** Opening Information supplied block **

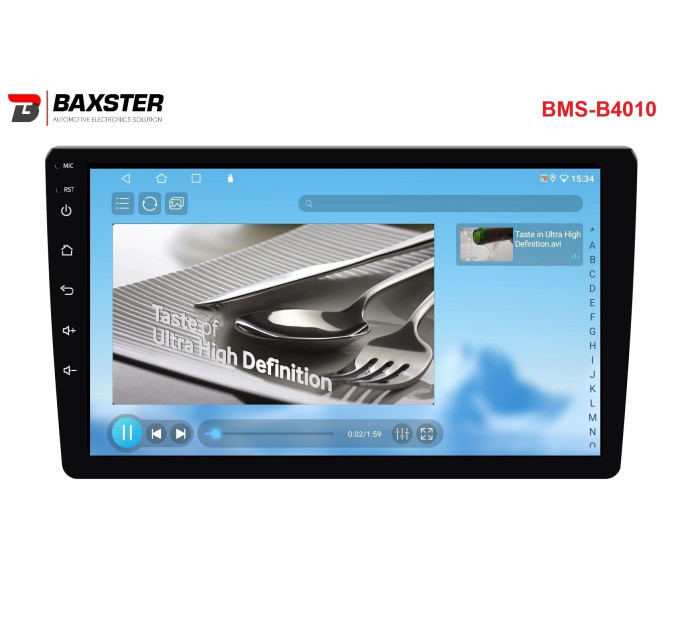 Автомагнітола Baxster BMS-B4010 Android 13 QLED 4+32Gb 10"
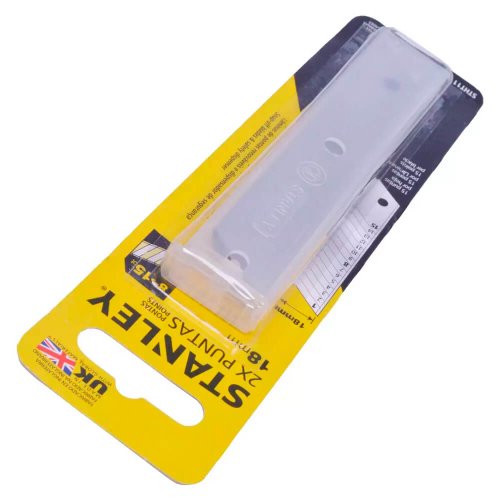 Lâmina de Reposição Para Estilete 18mm - Stanley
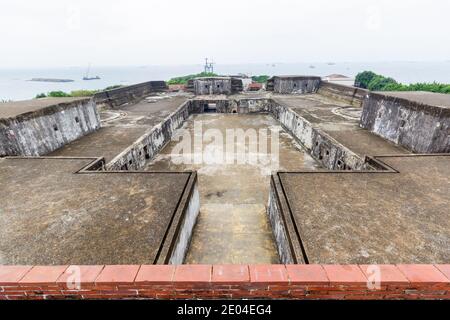 Das Cihou Fort in Kaohsiung, Taiwan Stockfoto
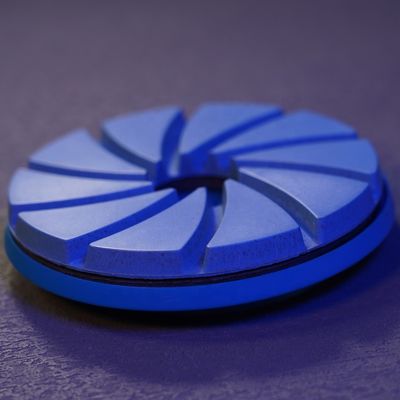 Pad de pulido de resina de bloqueo de caracol de 125 mm personalizado para disco de molienda de granito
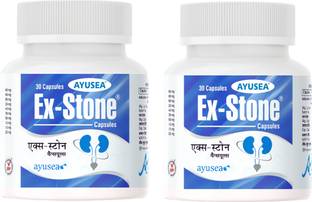AYUSEA EX-STONE Ayurvedic kidney stone crusher capsules-improves renal health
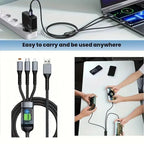 100W 3-In-1 Fast Charging Cable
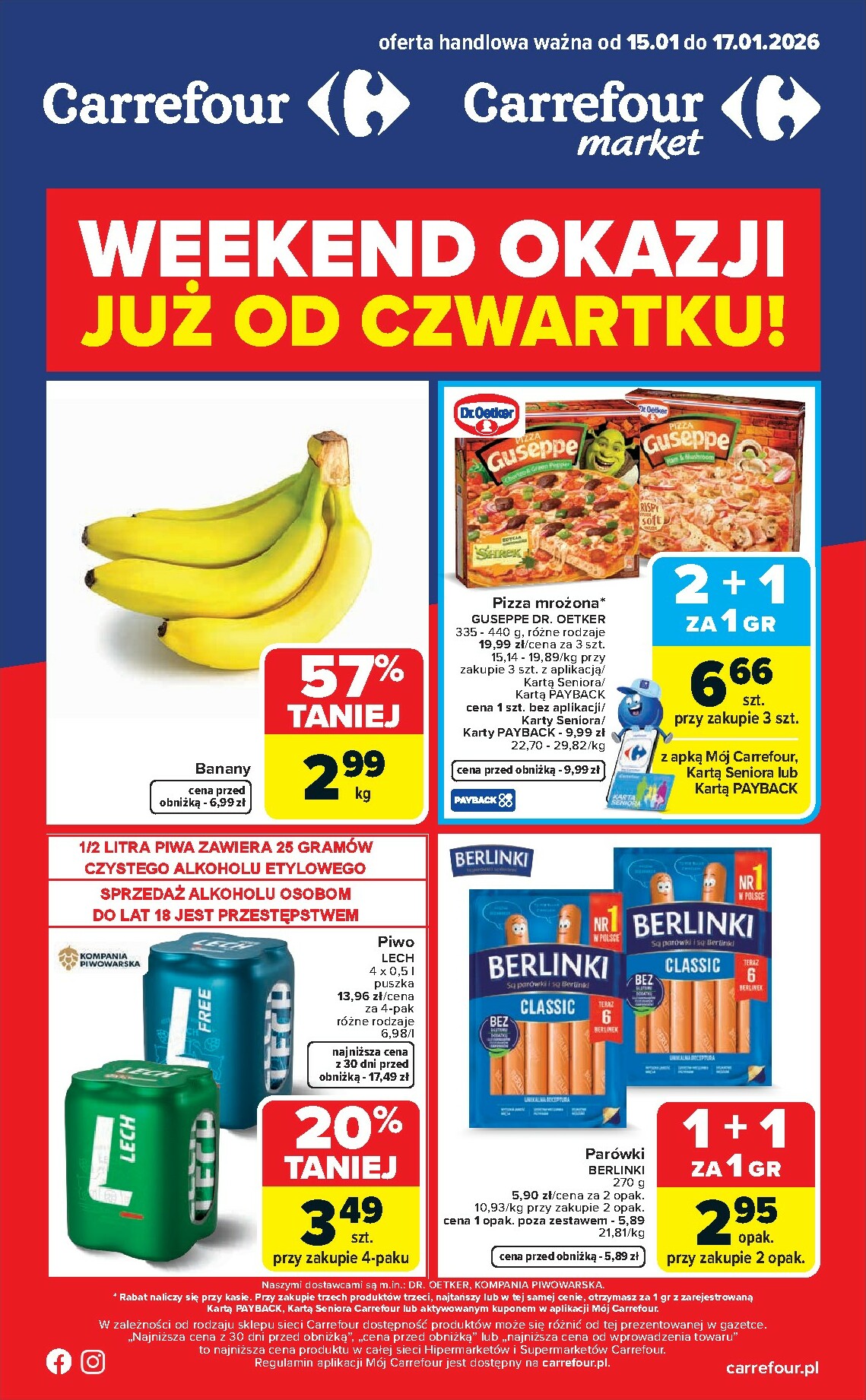 carrefour - Gazetka Carrefour - Weekend - ważna od 15.01. do 17.01. - page: 1
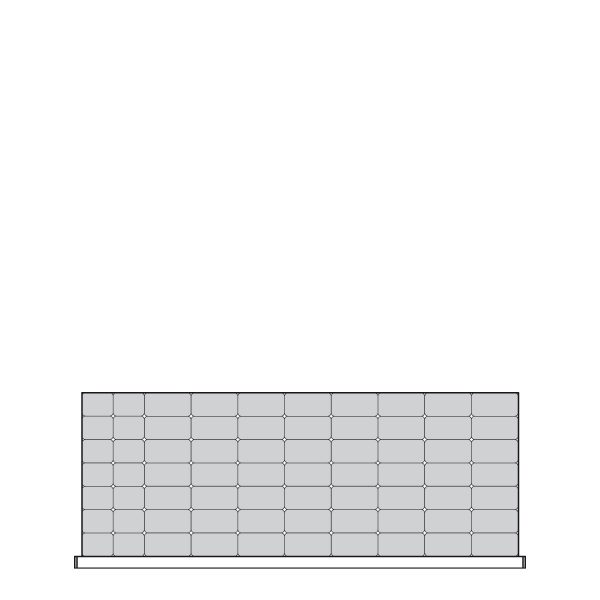 Plastic Bins Proposal, 70 bins (60"W x 24"D x 4"H)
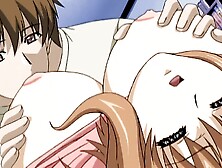 Juicy anime girl opens legs to be fucked in the asshole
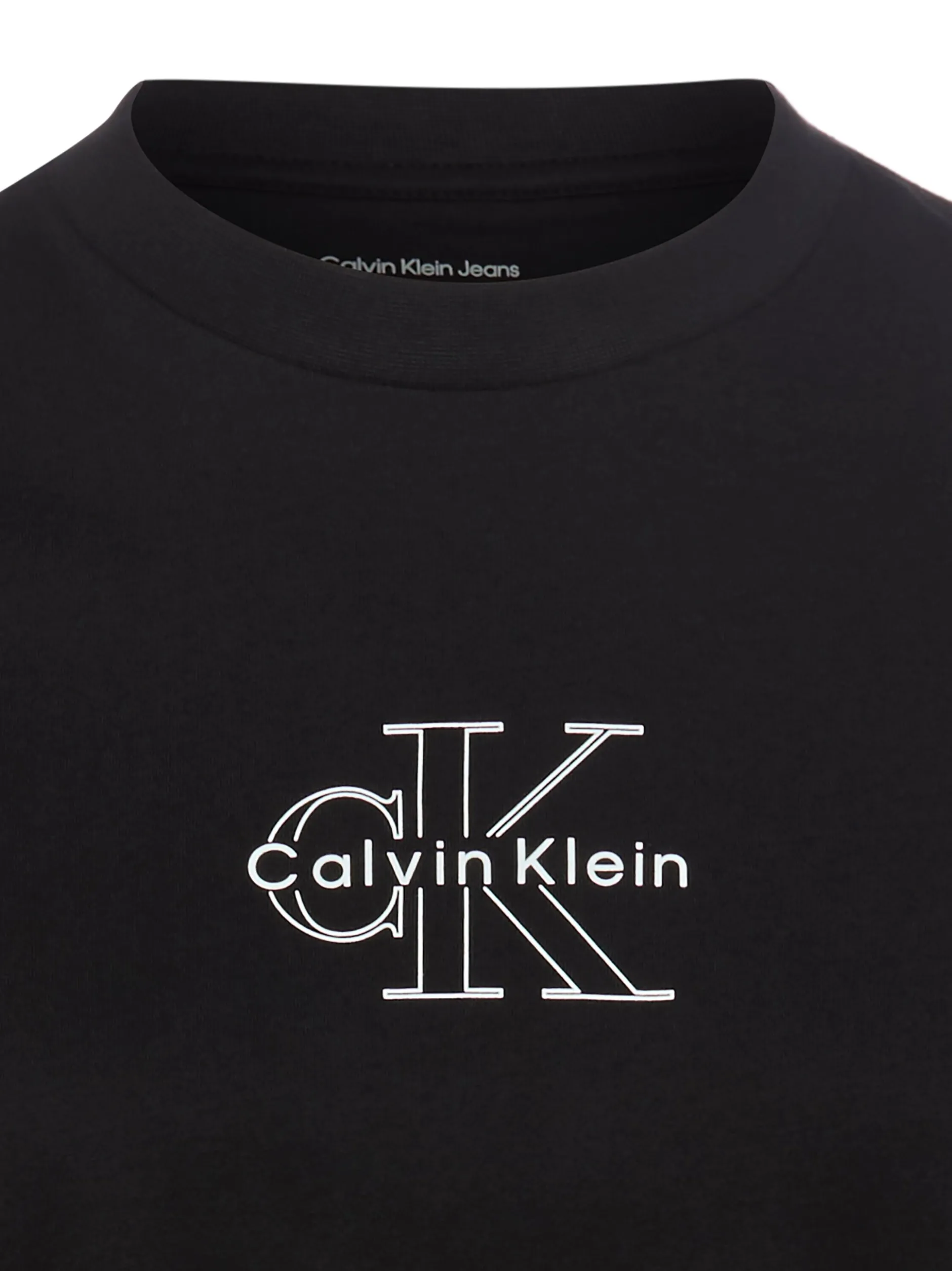 Calvin Klein Jeans Damen T-Shirt in schwarz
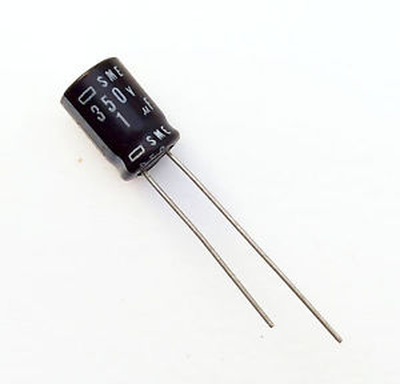 1mf 350v electrolytic capacitor  x5, , medium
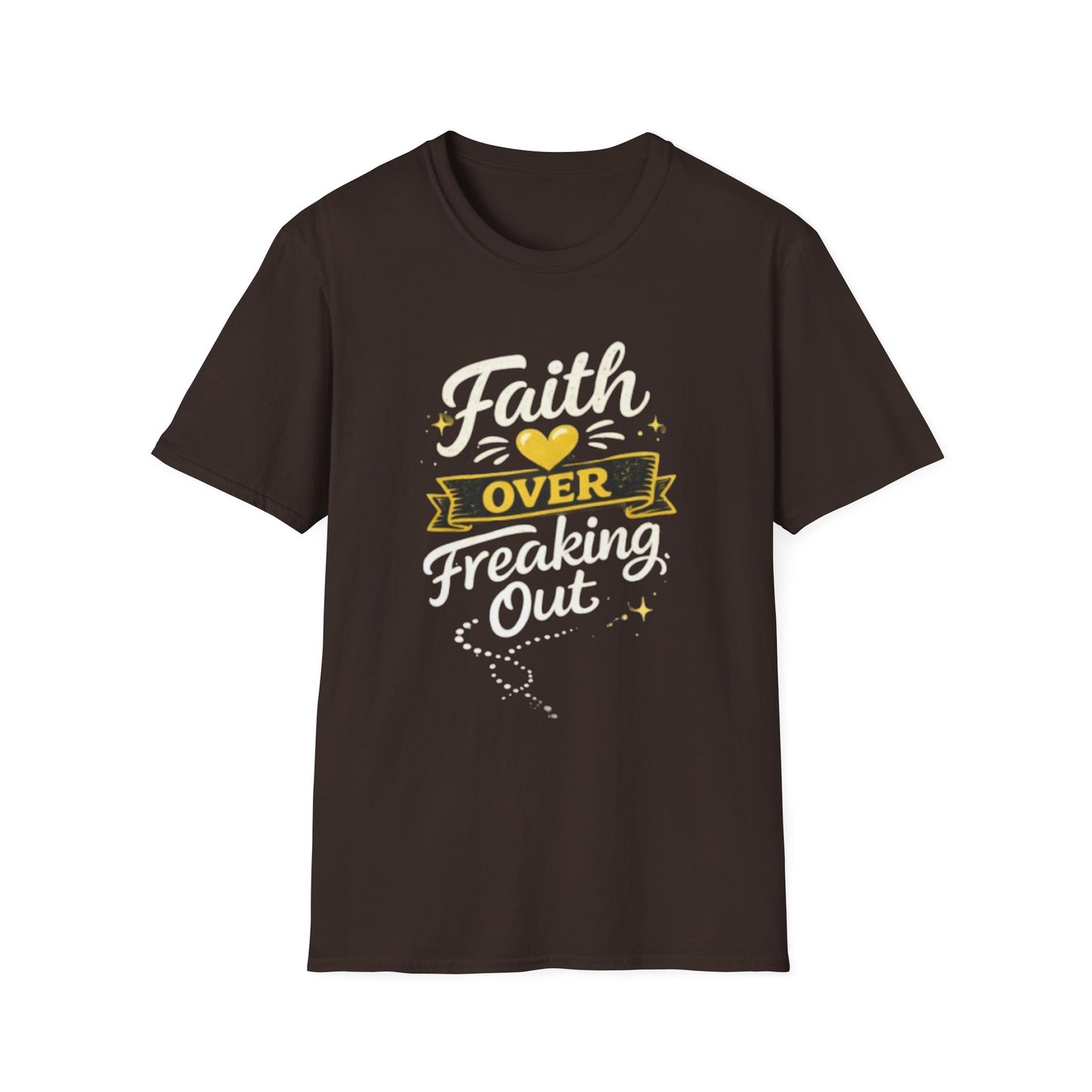 Unisex T-Shirt — "Faith Over Freaking Out" Inspirational Graphic Tee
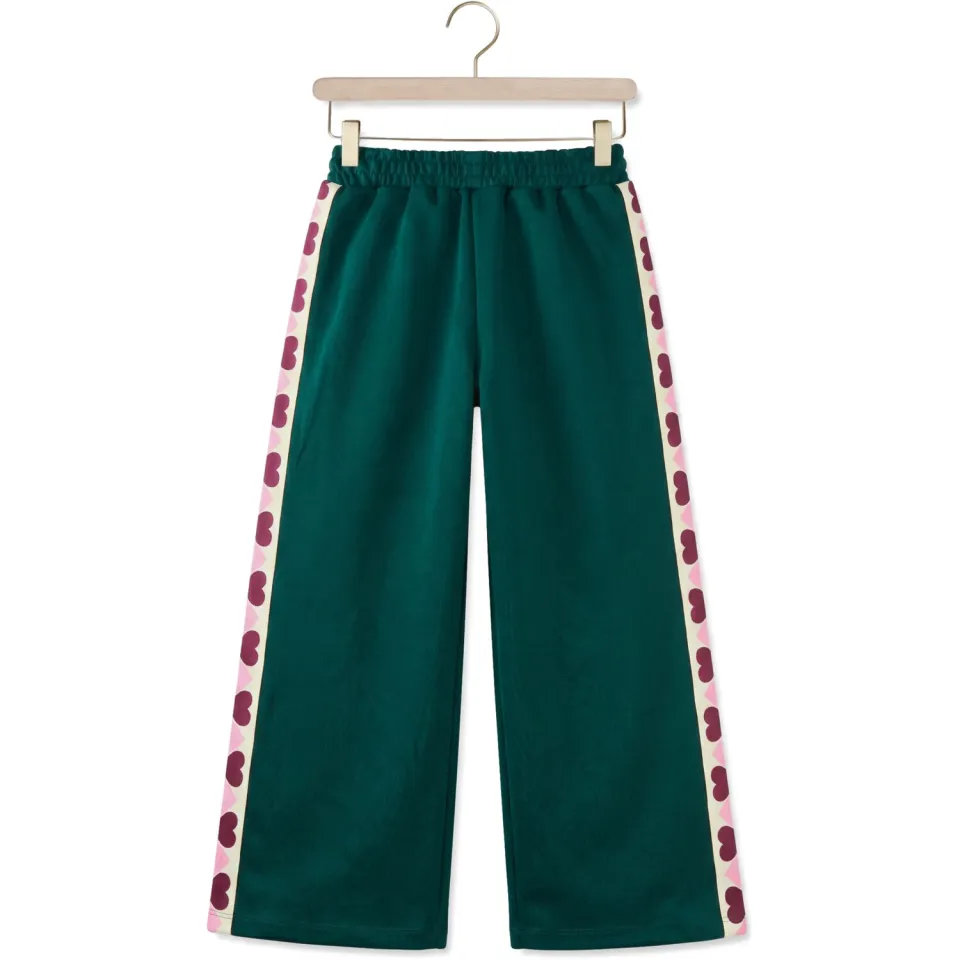 Z8 Karlijn wide leg joggingbroek groen roze wit, foto 5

** Closing Information supplied block **

What's needed is an exact copy of every entry, minus the pictures.

 Автомагнітола Baxster BMS-B4010 Android 13 QLED 4+32Gb 10"
 Lâmina de Reposição Para Estilete 18mm - Stanley
 Das Cihou Fort in Kaohsiung, Taiwan Stockfoto
 Pad de pulido de resina de bloqueo de caracol de 125 mm personalizado para disco de molienda de granito
AYUSEA EX-STONE Ayurvedic kidney stone crusher capsules-improves renal health
 100W 3-In-1 Fast Charging Cable
 carrefour - Gazetka Carrefour - Weekend - ważna od 15.01. do 17.01. - page: 1
 Plastic Bins Proposal, 70 bins (60"W x 24"D x 4"H)
 Juicy anime girl opens legs to be fucked in the asshole
 Calvin Klein Jeans Damen T-Shirt in schwarz
 1mf 350v electrolytic capacitor  x5, , medium
 Unisex T-Shirt — "Faith Over Freaking Out" Inspirational Graphic Tee
 Z8 Karlijn wide leg joggingbroek groen roze wit, foto 5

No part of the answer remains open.